Le goéland mélancolique

Le goéland mélancolique

lundi 21 avril 2025

Rêve de mer

« Ça se couvre, non ? » lança Alain avec un ton laissant filtrer un brin d’inquiétude. Les autres membres de l’équipage ne pipèrent mot, concentrés sur la bonne tenue de leurs avirons. Au moment même du dégagé, Joseph constata avec satisfaction leur parfaite coordination, que la remarque émise par Alain n’avait apparemment pas perturbée. « Quatre femmes et six hommes, coordonnés façon horlogerie suisse ; des bons ! » songea-t-il, desserrant la pression qu’exerçait sa main sur la barre, pour mieux sentir la très légère vibration sur le gouvernail, provoquée par les filets d’eau dus à la vitesse de l’embarcation. 

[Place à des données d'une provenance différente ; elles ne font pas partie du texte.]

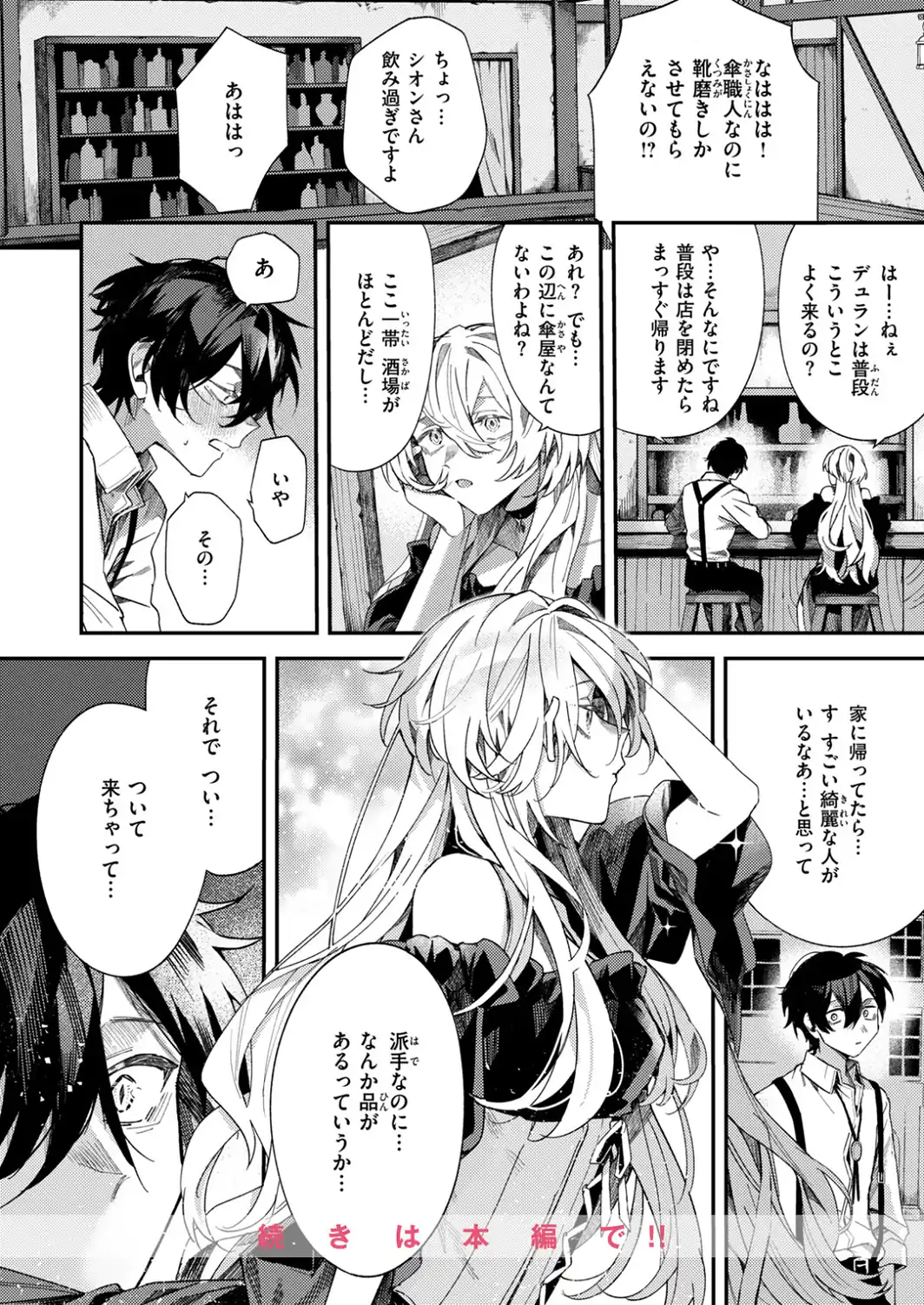 異世快楽天SELECTION 2026 AUTUMN-サンプル画像26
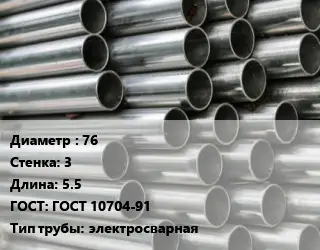Труба оцинкованная 76 s=3 L=5.5 ГОСТ: ГОСТ 10704-91 электросварная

Joseph sourit intérieurement et inspira d’un grand coup l’air marin, remplissant ses poumons avec une intense satisfaction. La belle vie ! Mis à part le pronostic météorologique pessimiste de Alain, tout allait pour le mieux : pas de vent, vraiment pas de vent du tout, une pétole de mois de Juin si ce n’est qu’on était en Mars et, par voie de conséquence, une mer plate comme un lac, particulièrement propice à un bon équilibre de leur Yole.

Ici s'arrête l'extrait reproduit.